The “resource file” referred to is a JSON file which associates the name of each resource with the information needed to use it. For a corpus resource, this is the resource’s URL and the Id for the associated language resource. A language resource just needs a URL and something to show that it is a language resource. The format is as follow:

{
    "<CorpusResourceId>": [ "<CorpusURL>", "<LanguageResourceId>" ],
    ...
    "<LanguageResourceId>": [ "<CorpusURL>", "LanguageResource" ],
    ...
}

for example:

{
   {
 "peter_rabbit": [ "https://www.issco.unige.ch/en/research/projects/callector/peter_rabbit",
                   "english_geneva" ],
 "alice_in_wonderland": [ "https://www.issco.unige.ch/en/research/projects/callector/alice_in_wonderland",
                          "english_geneva" ],
 "ogden_nash" : ["https://www.issco.unige.ch/en/research/projects/callector/LaraResourceContent/21_ogden_nash2",
                 "english_geneva"],
 "four_little_children" : ["https://www.issco.unige.ch/en/research/projects/callector/LaraResourceContent/35_four_little_children",
                           "english_geneva"],

 "tina_fer_i_fri": [ "https://www.issco.unige.ch/en/research/projects/callector/tina_fer_i_fri",
                     "icelandic_reykjavik" ],

 "the_boy_who_cried_wolf": [ "https://www.issco.unige.ch/en/research/projects/callector/the_boy_who_cried_wolf",
                             "farsi_geneva"],
 "bozboz_ghandi": [ "https://www.issco.unige.ch/en/research/projects/callector/bozboz_ghandi",
                    "farsi_geneva"],
 "EbneSina": [ "https://www.issco.unige.ch/en/research/projects/callector/EbneSina",
               "farsi_geneva"],
 "Arash": [ "https://www.issco.unige.ch/en/research/projects/callector/Arash",
            "farsi_geneva"],

 "hyakumankai_ikita_neko": [ "https://www.issco.unige.ch/en/research/projects/callector/hyakumankai_ikita_neko",
                             "japanese_canberra"],

 "dante": [ "https://www.issco.unige.ch/en/research/projects/callector/dante",
            "italian_swinburne"],
 "ungaretti": [ "https://www.issco.unige.ch/en/research/projects/callector/ungaretti",
                "italian_swinburne" ],

 "english_geneva": [ "https://www.issco.unige.ch/en/research/projects/callector/english",
                     "LanguageResource" ],
 "farsi_geneva": [ "https://www.issco.unige.ch/en/research/projects/callector/farsi",
                   "LanguageResource" ],
 "icelandic_reykjavik": [ "https://www.issco.unige.ch/en/research/projects/callector/icelandic",
                          "LanguageResource" ],
 "italian_swinburne": [ "https://www.issco.unige.ch/en/research/projects/callector/italian",
                        "LanguageResource" ],
 "japanese_canberra": [ "https://www.issco.unige.ch/en/research/projects/callector/japanese",
                        "LanguageResource" ]
}

It’s essential to use the right directory structure for your resources. We describe that, and also the format of the metadata. There is a script for automatically adding the metadata, and it also checks your directory structure.

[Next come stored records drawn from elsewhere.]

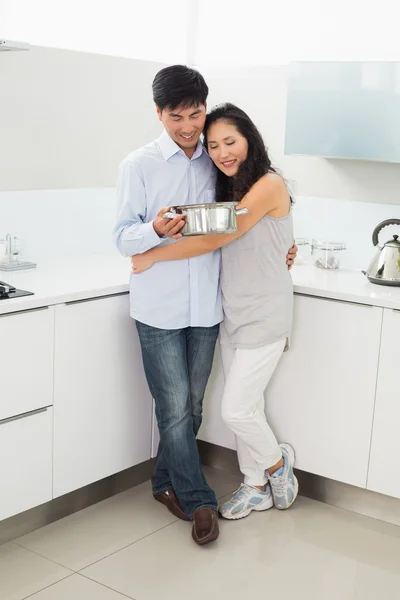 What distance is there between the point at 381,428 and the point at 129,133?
1669mm

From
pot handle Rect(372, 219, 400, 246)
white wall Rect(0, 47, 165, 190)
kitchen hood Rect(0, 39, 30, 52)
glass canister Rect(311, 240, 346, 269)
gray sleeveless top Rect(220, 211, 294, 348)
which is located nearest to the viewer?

Publishing distributed content

Before trying to make LARA resources available in distributed form, you should first be sure you can compile them as local resources. If you have organised the material according to the standard directory structure expected for distributed LARA resources - see immediately below - you will then only need to do the following:

  • Run a script to add metadata to your resource directory.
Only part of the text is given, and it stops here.